Я сказала это быстро, беспокоясь, что уже слишком поздно и что моего папы больше нет. Но он все еще был со мной. Он даже сумел выдавить из себя слабую от боли улыбку и сказал:
— Вот и умничка.
Я положила руку на его ладонь, удивляясь, какая она маленькая. В детстве его руки казались такими большими и сильными. Теперь же были не больше моих.
— Пора, пап, — сказала я. — Ты уже достаточно молчал. Ты можешь мне сказать, почему мы на самом деле уехали. Я знаю, что все это неправда. Я знаю, что ты все выдумал. Про дом. Про то, что там случилось. Ты можешь это признать. Я не стану тебя винить. И осуждать тоже. Мне просто нужно знать, почему мы это сделали.
Я начала плакать, эмоции переполняли. Мой папа ускользал от меня, и я уже по нему скучала, хотя он был прямо здесь, и я вот-вот могу узнать правду — все мое тело звенело, как струна.
— Скажи мне, — прошептала я. — Пожалуйста.
У отца отвисла челюсть, и два слова вырвались из его затрудненного дыхания. Он выталкивал их одно за другим, и каждое звучало как шипение в тишине комнаты.
— Прости. Меня.
После этого из моего папы ушел весь свет. И хотя технически он оставался жив еще пятьдесят минут, именно этот момент я считаю его смертью. Он был в царстве теней — на земле, из которой точно уже не вернется.
В последующие дни я особо не зацикливалась на этом разговоре.
Я была слишком ошеломлена горем, слишком поглощена приготовлениями к похоронам, чтобы думать об этом. Только после того, как это тяжелое испытание закончилось, до меня дошло, что он так и не дал мне правильного ответа.
— Спрашивать папу я больше не могу, — говорю я маме. — У меня осталась только ты. И пора нам об этом поговорить.
— Не вижу причины, — мама смотрит мне за плечо, отчаянно выискивая официанта, чтобы заказать еще выпить. — Это все давно в прошлом.
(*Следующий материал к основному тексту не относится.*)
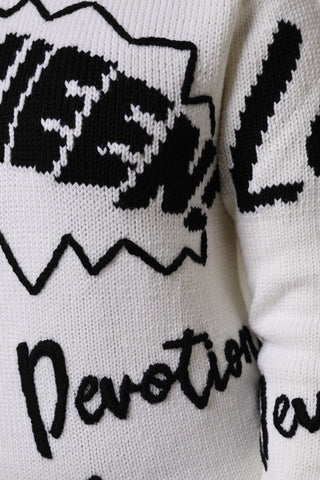 Weißer Wollstrickpullover mit Rundhalsausschnitt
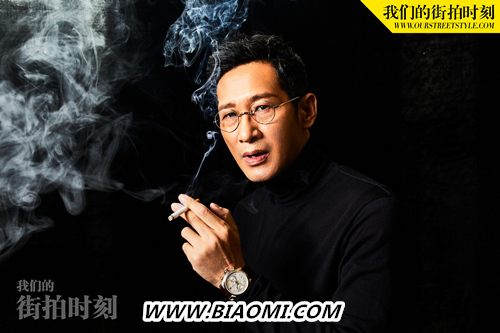 演技派王劲松 佩戴宝齐莱马利龙中央计时码表拍摄时装大片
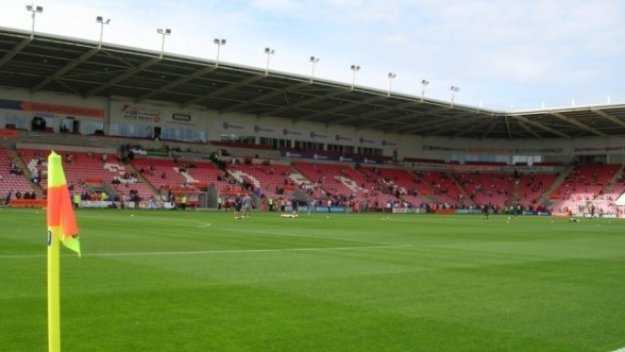 Отложиха Блекпул - Ливърпул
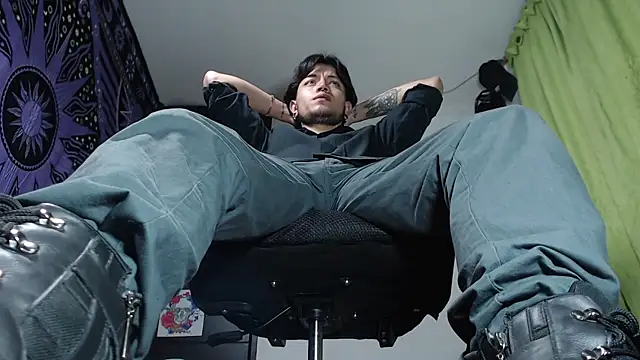 Dicaprioo  online show from December 2024 01:25:01 AM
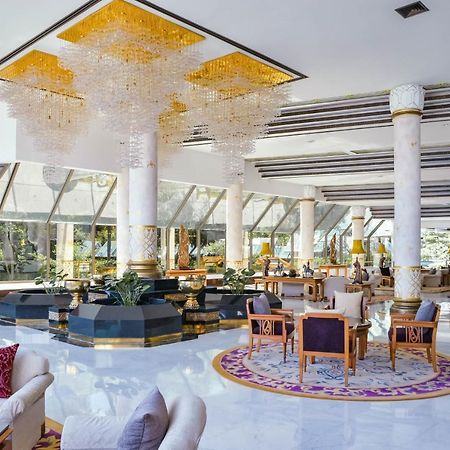 Royal Wing Suites & Spa Pattaya Exterior foto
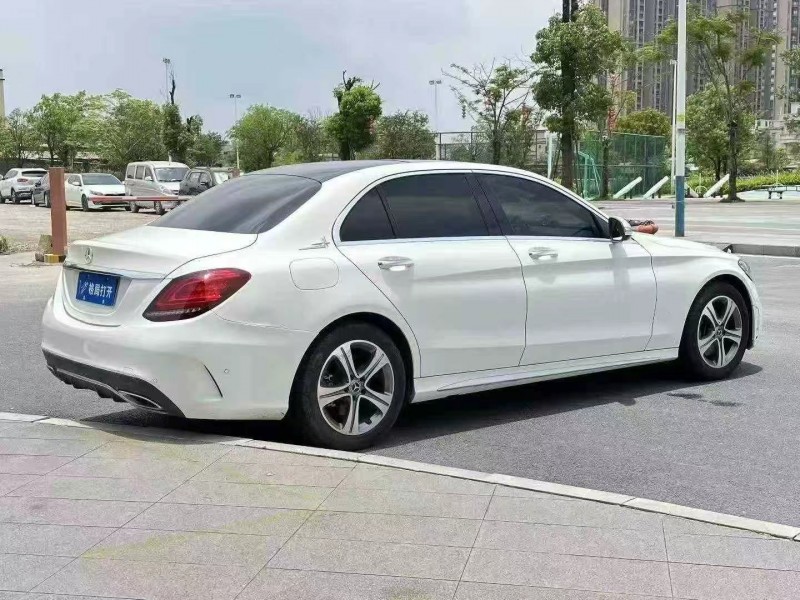 东莞19年奔驰C8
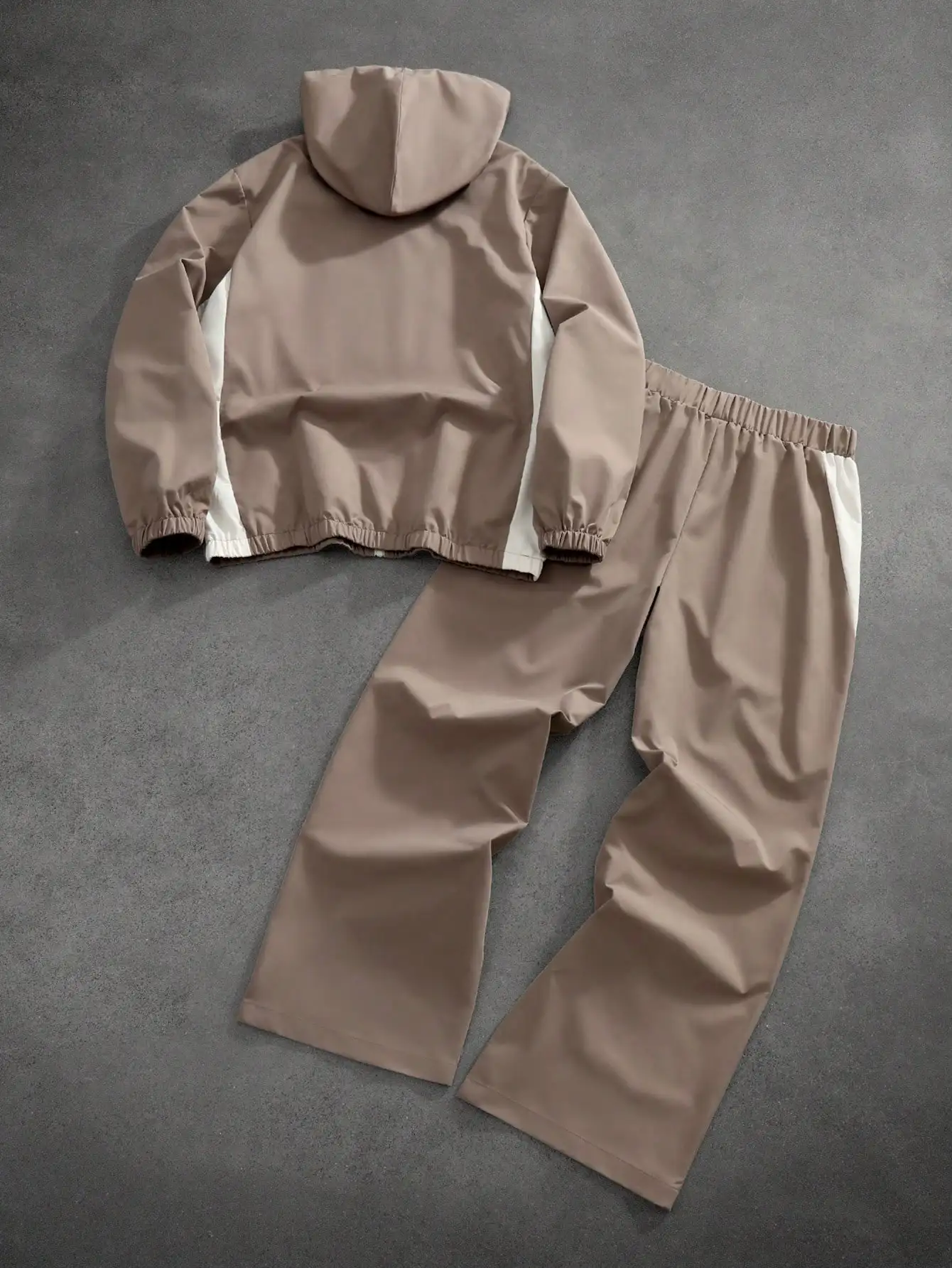 

Мужской осенне-зимний комплект: свободная куртка на молнии с капюшоном и брюки в двухцветном стиле пэчворк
В моей груди пузырится раздражение. Оно росло с той самой ночи, когда мы покинули Бейнберри Холл, и с каждым днем раздувалось все больше. Из-за их развода, который, я уверена, был вызван успехом Книги. Из-за каждого вопроса, от которого уклонялся папа. Из-за безжалостных насмешек одноклассников. Из-за каждой неловкой встречи с кем-то вроде Венди Дэвенпорт. В течение двадцати пяти лет оно не ослабевало, а становилось все больше и больше, почти лопаясь.
— Это наши жизни, — говорю я. — Моя жизнь. Меня воспринимали через эту книгу с пяти лет. Люди ее читали и думали, что знают меня, хотя все это ложь. Их восприятие меня — ложь. И я никогда не знала, как с этим справляться, потому что вы с папой никогда не хотели говорить о Книге. Но я тебя умоляю, пожалуйста, расскажи об этом.